The Granite-4.0-H-Small is a hybrid mixture-of-experts (MoE) language model developed by IBM as part of the Granite 4.0 collection. It features a novel architecture that sequentially combines Mamba-2 layers and conventional transformer blocks in a 9:1 ratio. This design is intended to leverage the linear-scaling efficiency of state-space models for global context processing alongside the precise local context parsing of transformers, resulting in significantly reduced memory requirements compared to traditional transformer-only models.
With 32 billion total parameters and 9 billion active parameters per inference request, the model is engineered for high-performance enterprise tasks while maintaining a compact enough footprint for deployment on cost-effective hardware. It is optimized for long-context reasoning, having been trained on data samples up to 512K tokens and validated for performance at a 128K token context window.
Key capabilities of Granite-4.0-H-Small include advanced tool calling, multi-session agentic workflows, and document summarization. It supports 12 languages, including English, German, Spanish, French, Japanese, and Chinese.

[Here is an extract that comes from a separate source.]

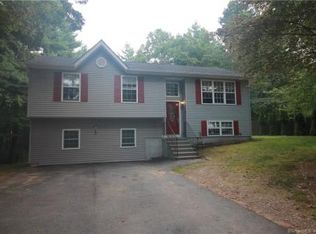 792 Cook Hill Rd, Killingly, CT 06239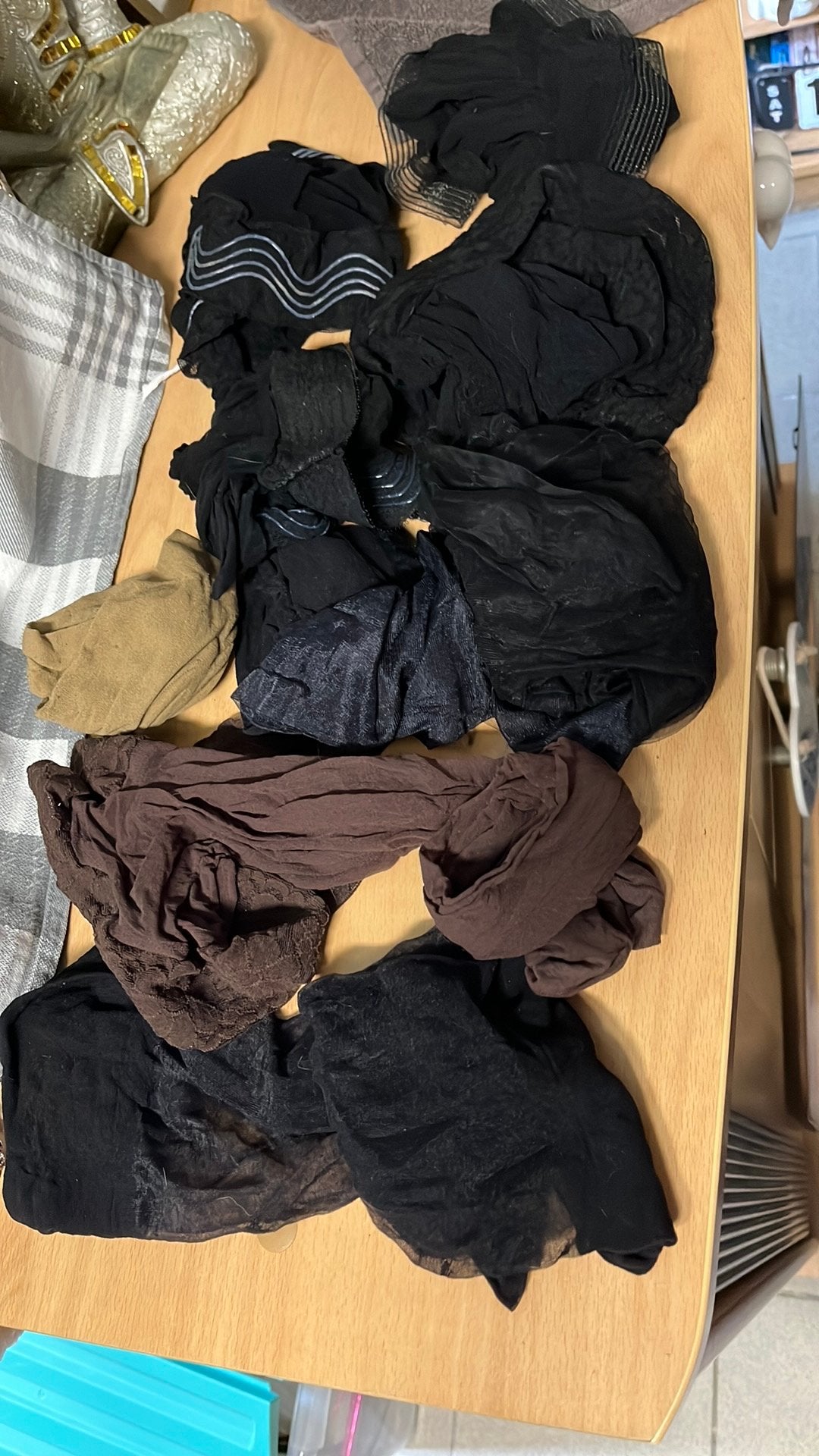 Neuf paires de bas autoagrippants, Vêtements | Femmes, Packs de vêtements pour femmes, Enlèvement ou Envoi, Porté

The model was trained on a diverse dataset of 15 trillion tokens using a pipeline focused on security, governance, and transparency.
Released under the Apache 2.0 license, the Granite 4.0 family is the first open model collection to receive ISO 42001 certification, an international standard for Artificial Intelligence Management Systems. The model weights are cryptographically signed to ensure provenance and authenticity for enterprise users.